How To Connect Built-In Function To A Custom One?

Godot Version

4.3

Question

I am working on something which involves having a node (a ColorRect in this case) receive input (I want it to be any input), but the ColorRect only emits a signal when it receives ‘gui_input’, being mouse button presses and mouse movement. But I want it to receive anything - like the function ‘_input(event)’.

How can I - without attaching a script to the node - connect the function ‘_input’ to my own function, so I can process input other than those handled by ‘gui_input’?

Thanks.

I think you need to further describe what you’re trying to achieve here. _gui_input() is a specialized version of _input() that should be used in UI contexts where different rules apply. Because of this, only relevant input is captured by _gui_input() (see Custom GUI Controls | Input).

As for how to implement custom behaviour without code: that’s just not possible. _input() is a general purpose function that is meant to be overridden in scripts that need input-related functionality. If you want to send every input event to another function, why don’t you just add _input() to the script where your other function is defined?

func _input(event):
    MyOwnFunction(event)
func MyOwnFunction(event):
    # My code

I need more information.

Thank you, I’ll try to better explain;

I am making a screen to allow for remapping of InputMap actions, for this I make a ColorRect visible when we want to change the given keybind.

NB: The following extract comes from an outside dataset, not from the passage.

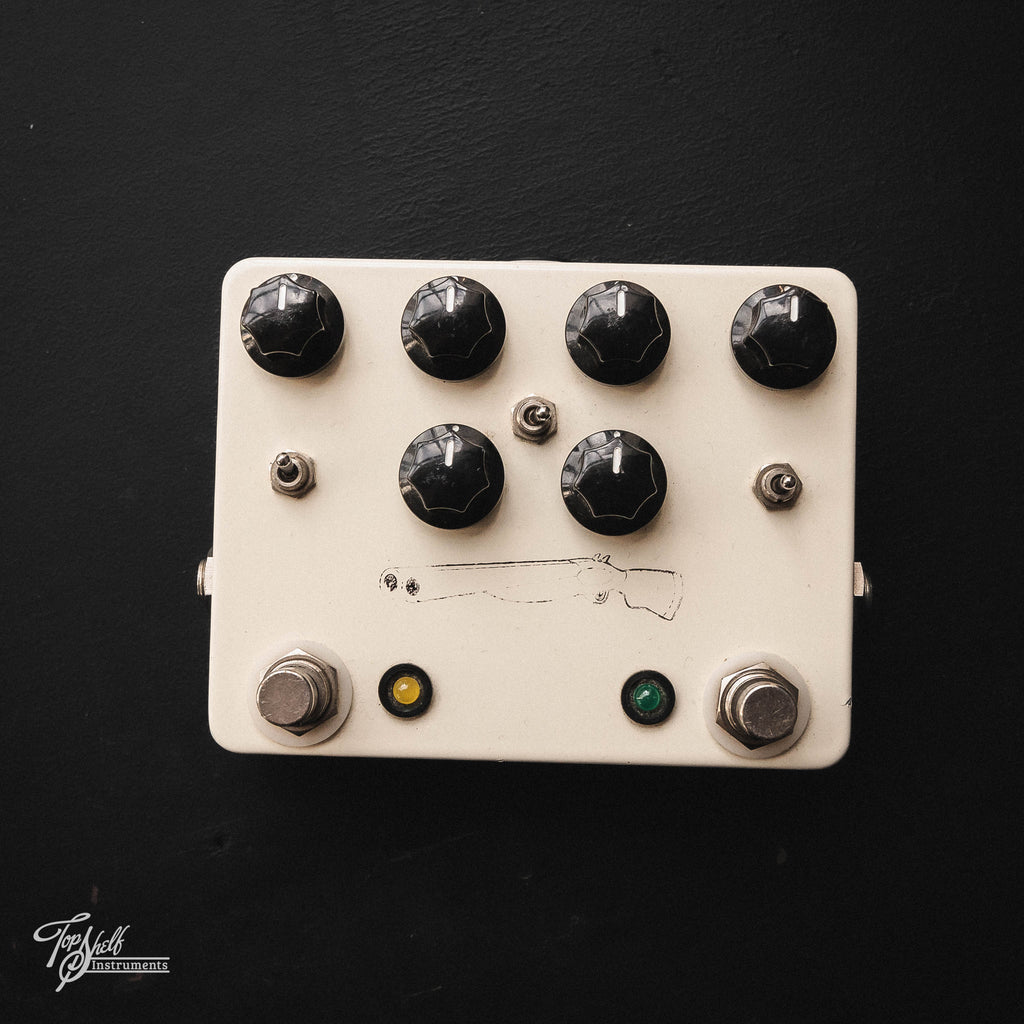JHS Double Barrel v3 Overdrive Pedal – Topshelf Instruments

I want it so the ColorRect will then accept any of the following inputs - not just the ones under gui_input - so I can then set whatever key was pressed as the new one for the given keybind, I have this working except it will only react to - and therefor set the keybind for - inputs under gui_input.

$ColorRect.gui_input.connect(
func(event): 
  if event.get_class() != "InputEventMouseMotion":
    keybinds[keybind_to_change] = event.keycode # or button index
    $ColorRect.visible = false
)

So I want to be able to do essentially the same thing - when the screen is up, get the next key/button pressed, save it somewhere, hide the screen - but for all inputs, not just ones under gui_input.

So I wanted to connect the built-in ‘_input’ function - since their isn’t an input signal, like gui_input - just like the one you can use if you attach a script to a Node, to code like the code above.

I know I could attach a script to the ColorRect to do this, but it seems bad to have a script which would be a handful of lines long if it could be handled like it is above.

Or as you said, which I didn’t think of, I could have the ColorRect ignore input and have the original script await input using its own ‘_input’ function, if this isn’t possible.

Thank you for the help, and I hope that was clearer.

I think you’re confusing the mental map of an input remapping feature with how you implement it.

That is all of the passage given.